Face aux crises qui assaillent l’humanité et aux impasses de la mondialisation et du néolibéralisme, à la montée de la xénophobie et des passions tristes – ici comme ailleurs dans le corps social –, l’œuvre de Senghor nous invite à monter en humanité en plaçant l’humain au cœur de l’action publique afin qu’il accède au bonheur et au bien-être, quelle que soit sa langue, son origine, sa couleur de peau, son sexe ou sa religion. La pandémie de Covid-19 nous l’a appris à nos dépens. Revisiter son œuvre, bien qu’imparfaite – comme toute œuvre humaine –, nous arme pour résister aux discours de haine, aux assignations identitaires et aux ressentiments.
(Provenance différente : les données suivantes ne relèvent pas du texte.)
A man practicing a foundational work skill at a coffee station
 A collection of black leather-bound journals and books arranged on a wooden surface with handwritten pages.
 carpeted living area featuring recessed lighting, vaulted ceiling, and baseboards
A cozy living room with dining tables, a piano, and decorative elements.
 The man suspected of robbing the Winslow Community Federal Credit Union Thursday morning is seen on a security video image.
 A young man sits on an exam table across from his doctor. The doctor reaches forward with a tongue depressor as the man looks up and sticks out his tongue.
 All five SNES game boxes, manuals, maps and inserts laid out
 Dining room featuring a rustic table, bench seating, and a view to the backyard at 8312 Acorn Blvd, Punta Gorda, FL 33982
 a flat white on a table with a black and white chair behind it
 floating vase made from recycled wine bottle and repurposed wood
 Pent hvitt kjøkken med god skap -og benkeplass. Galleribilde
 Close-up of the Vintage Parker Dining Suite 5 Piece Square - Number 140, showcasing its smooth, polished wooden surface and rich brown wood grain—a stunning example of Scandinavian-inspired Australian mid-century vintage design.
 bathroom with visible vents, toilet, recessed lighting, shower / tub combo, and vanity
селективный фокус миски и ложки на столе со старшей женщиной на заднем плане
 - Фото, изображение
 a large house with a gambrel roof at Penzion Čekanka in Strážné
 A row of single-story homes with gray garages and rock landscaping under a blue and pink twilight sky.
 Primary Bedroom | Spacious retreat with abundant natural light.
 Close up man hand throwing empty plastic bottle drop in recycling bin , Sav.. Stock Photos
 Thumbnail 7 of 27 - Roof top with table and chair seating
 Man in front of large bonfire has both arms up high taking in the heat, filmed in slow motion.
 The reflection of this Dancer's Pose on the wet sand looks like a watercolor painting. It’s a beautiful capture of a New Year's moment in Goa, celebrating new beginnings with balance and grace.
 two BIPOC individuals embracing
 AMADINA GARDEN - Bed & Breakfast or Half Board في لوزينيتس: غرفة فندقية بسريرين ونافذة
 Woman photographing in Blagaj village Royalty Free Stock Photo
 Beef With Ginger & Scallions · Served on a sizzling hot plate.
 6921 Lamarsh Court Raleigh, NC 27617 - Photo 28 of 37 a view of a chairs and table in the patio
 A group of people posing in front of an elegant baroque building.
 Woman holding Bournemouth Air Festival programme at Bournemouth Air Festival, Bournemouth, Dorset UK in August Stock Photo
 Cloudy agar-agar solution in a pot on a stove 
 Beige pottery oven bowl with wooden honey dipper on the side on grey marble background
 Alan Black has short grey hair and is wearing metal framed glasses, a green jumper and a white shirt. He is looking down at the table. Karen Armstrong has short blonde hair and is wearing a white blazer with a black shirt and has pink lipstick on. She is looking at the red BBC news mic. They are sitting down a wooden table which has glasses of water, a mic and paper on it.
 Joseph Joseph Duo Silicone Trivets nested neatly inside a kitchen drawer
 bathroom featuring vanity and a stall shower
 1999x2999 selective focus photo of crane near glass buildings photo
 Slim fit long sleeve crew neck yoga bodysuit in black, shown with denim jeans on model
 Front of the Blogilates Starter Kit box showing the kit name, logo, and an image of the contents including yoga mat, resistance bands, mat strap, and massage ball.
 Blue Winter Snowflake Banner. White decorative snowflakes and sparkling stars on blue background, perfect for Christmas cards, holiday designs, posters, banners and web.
Par ailleurs, l’œuvre foisonnante de Senghor nous enseigne ceci : le Sénégalais est un être qui s’empêche. Il bâtit des ponts, mais n’érige jamais de barrières. Le Sénégalais est un citoyen du monde, qui a pour seule boussole l’altérité et doit toujours emprunter les voies de la créolisation. Les actualités géopolitiques, notamment ce qui se déroule à Gaza sous nos yeux, rappellent la portée de cette vision universaliste. Senghor, catholique mais avant tout Sénégalais, avait accordé à Yasser Arafat, alors président de l’Autorité palestinienne, un passeport diplomatique lui permettant de voyager sans entraves dans les aéroports du monde libre. Ce geste illustre sa conception d’un humanisme transcendant les frontières religieuses, culturelles et politiques.
L’autre leçon magistrale que nous prodigue le vieux savant sérère est celle-ci : le Sénégalais est animé par une mystique républicaine profondément enracinée en lui. Comme l’avait si bien formulé le philosophe catholique Charles Péguy, « la République est une mystique avant d’être une politique ». Ainsi, la République laïque doit être pour le Sénégalais sa seule patrie, sa seule certitude et le socle inébranlable de son unité.
Aujourd’hui, certains individus sans mesure ni retenue, prompts à invectiver devant l’éternel, s’acharnent encore dans une entreprise abjecte de diffamation, autrement dit, d’outrager sa mémoire. Senghor n’était pas parfait. Il était un simple homme, avec ses failles, ses zones d’ombre et ses erreurs. Cette humanité complexe et imparfaite avait d’ailleurs été mise en lumière lors de l’exposition « Senghor et les arts : réinventer l'universel », qui s’était tenue au Musée du quai Branly. J’ai eu la chance de visiter cette exposition un samedi matin ensoleillé d’août 2023, et elle m’a permis de mieux appréhender la richesse de son héritage, au-delà des critiques souvent réductrices dont il fait l’objet. Mais une chose demeure irréfutable : Senghor a construit l’État-nation, forgeant une identité nationale unifiée malgré la diversité linguistique, religieuse et ethnique qui caractérise le Sénégal. C’était cela, Senghor : un bâtisseur de ponts, un homme de vision. De surcroît, il n’était ni un démagogue, ni une élite désincarnée surfant sur les affects en politique.
Birane Diop est diplômé de l’Université Cheikh Anta Diop, de l’Université Jean Moulin Lyon 3 et du Conservatoire national des arts et métiers (CNAM Paris).